実際、私自身も周りの人たちを「こんな人だ」と分類し、勝手にイメージを決めつけている部分があるなと思います。

これは結局、自分自身がその人にこうであってほしいという「願望」なのですね。

そう考えると、ある意味私は周りの人たちにとても失礼なことをしているような気がし、なんとなく落ち着かなくなってしまいました。

 
それともうひとつは、人はどこかで他人を傷つけ、踏み台にしているという点。

これはもう、生きている以上は仕方がないことですよね。

人を傷つけるというのは、ここでは身体的なことではなく精神的なことです。

つまり、言葉によって人を傷つけてしまうことを意味します。

そして、人を踏み台にするというのは、要するに人を使って生きていくということ。

極端なことを言うと、「こいつは僕の友人」や「あの人は私の先輩」というのも、「友人」や「先輩」という自分の関係上に人を置くことで、人を使っているととらえることができるのです。

このように考えると、この世の中大変生きにくいですね。

人を傷つけないというのは、かなり気を付ければできないことはないと思いますが、それでもどこかでほころびは生じてしまうと思います。

一方、人を踏み台にするというのは、誰しもしょうがなくすることですね。

ただ、踏み台にするにしても、その人とどうかかわっていき、どう接していくかによって、その踏み台との関係性も変化するはずです。

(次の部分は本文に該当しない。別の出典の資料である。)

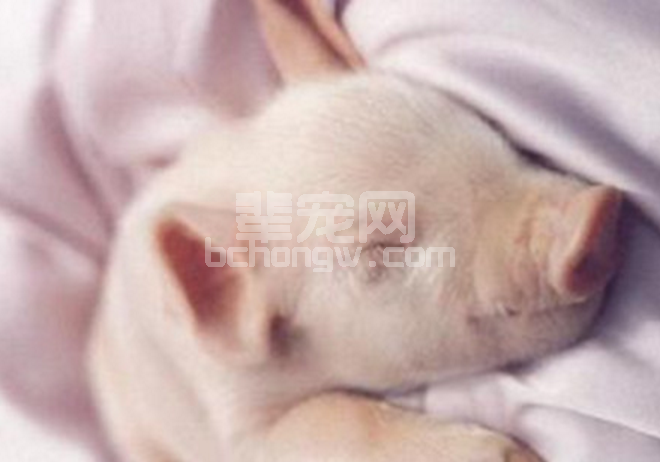 猪的营养 - 断奶后日粮蛋白质和氨基酸的重要性！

つまり、自分が大切にすべきだと思った人とは、しっかり関係性を築いていくことが必要だということ。

まとめ

いろいろ述べましたが、『青くて痛くて脆い』は大学生の成長と喪失を描いた青春小説です。

正直、私のつたない感想ではまったく本書の魅力を伝えきれていないので、ぜひとも『青くて痛くて脆い』を読んでほしいと思います。

もちろん、住野よるさんの作品はどれも面白いので、他の作品もぜひ読んでみてください。